═══ RECORDS TO PROCESS ═══

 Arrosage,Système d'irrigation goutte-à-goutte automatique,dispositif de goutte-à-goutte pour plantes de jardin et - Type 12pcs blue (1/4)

═══
═══ RECORDS TO PROCESS ═══

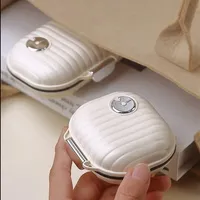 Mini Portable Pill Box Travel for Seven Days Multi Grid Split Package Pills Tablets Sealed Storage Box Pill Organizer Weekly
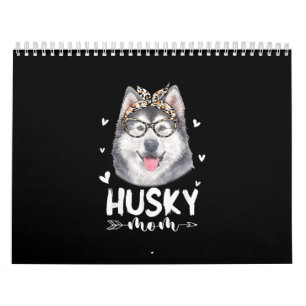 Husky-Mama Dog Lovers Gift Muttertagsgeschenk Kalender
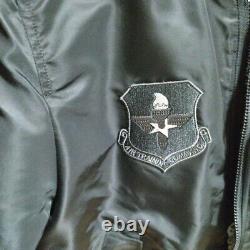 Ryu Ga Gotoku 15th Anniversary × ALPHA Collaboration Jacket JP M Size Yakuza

═══
═══ RECORDS TO PROCESS ═══

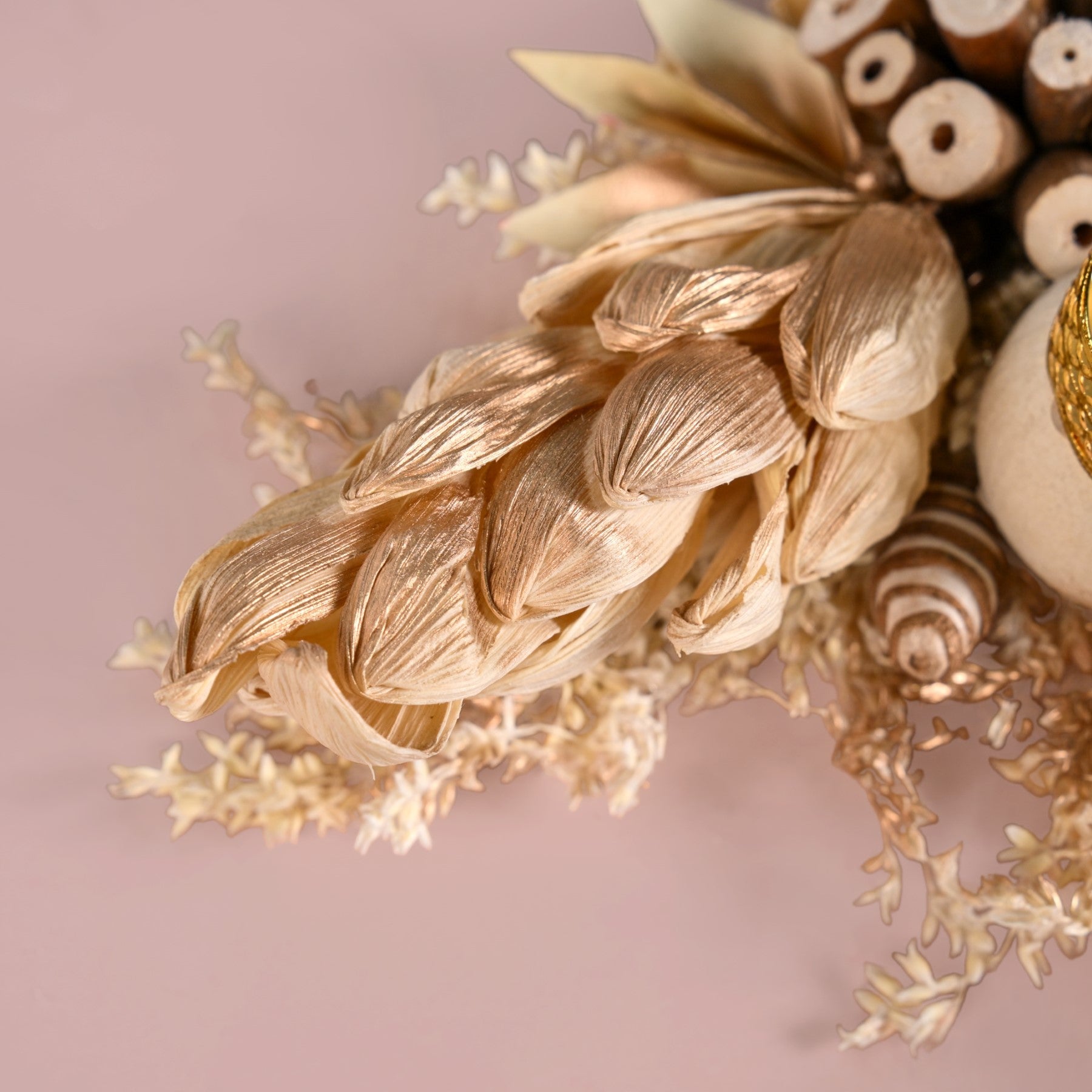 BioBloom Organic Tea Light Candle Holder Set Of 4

═══

### EXERCISE AIM
Above, find the line with "Mini Portable Pill"; copy it and every line down to the line with "Ryu Ga Gotoku", exactly and both included, but no pictures.

### TASK RESULT
 Mini Portable Pill Box Travel for Seven Days Multi Grid Split Package Pills Tablets Sealed Storage Box Pill Organizer Weekly
 Husky-Mama Dog Lovers Gift Muttertagsgeschenk Kalender
 Ryu Ga Gotoku 15th Anniversary × ALPHA Collaboration Jacket JP M Size Yakuza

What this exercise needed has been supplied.